The Welcoming Party slogan ‘YOU ARE VERY WELCOME’ was displayed on the screen above the yoga display, a phrase I thought was apt for this particular activity in the context of the CBD. It was a peaceful disruption of habitual activities – offering a moment of calm obscurity to an otherwise common day. We ended the yoga session inside the gallery space with Digby directing a group warm-down. It consisted of poses such as salute to the sun, downward dog and other phrases I had picked up from my 25 minute YouTube yoga sessions. In contrast to that interaction, BYOGA in the inviting space of Meanwhile with the accompaniment of friends was far more welcoming.

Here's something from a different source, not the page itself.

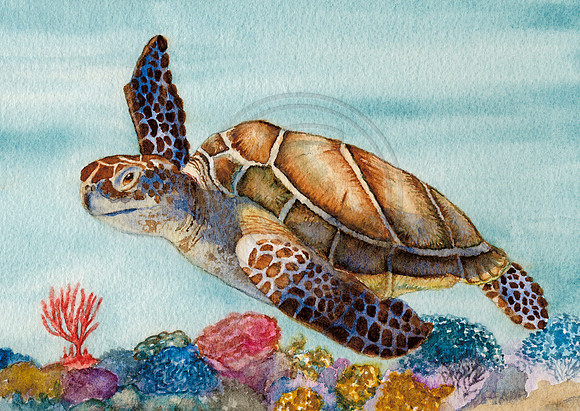 Sea Turtle Save the Gulf Watercolor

We, as audience members, were given the opportunity to engage in and escape from everything an average 9-5 job entails and the participants in response were invited to join in, which was an exchange I was happy to be a part of.

Closing Ceremony

At the closing ceremony for Free Time, Dani Terezzi presented an immersive kaleidoscope moving image work of a singular pattern repeated from one edge of the projection to the other. The dark room made the colours vibrant and almost hypnotic as the image moved smoothly and subtly. The spectrum of green tones against the wall reflected the sounds of chirping birds that made the room sound like it was located deep in the New Zealand bush. Since the work was shown in the manner of a screening the audience stayed to experience the work for its entirety until the repeat ticked over.

The structure of gallery speed-dating that Welcoming Party had constructed had proven to be so popular that additional associates of Meanwhile and Welcoming Party were interested in going on more short dates and some even interested in being the person who would conduct the dates. For me, this meant having the opportunity to share two other dates with Louisa Beatty and Lucy Wardle. However, since these dates took place during the celebrations of the Closing Party, the originally strict scheduled 5-minute structure became obscured. The date I shared with Lucy took place outside MEANWHILE during the closing party festivities and included 4 other datees, whereas my date with Louisa ended up being a 40 minute rant about my current dating situation.

The evening continued into a casual and friendly celebration of, marking off the successful completion of their first exhibition that utilised both the MEANWHILE window and gallery spaces. Welcoming Party produced an exhibition that was constantly adapting and changing according to the audience who interacted with it. Pointon and Donnell created events that stayed true to their eccentric selves, that eased you into enjoyment from an initial position of confusion and trepidation, creating a common experience that was special in its outlandish manner.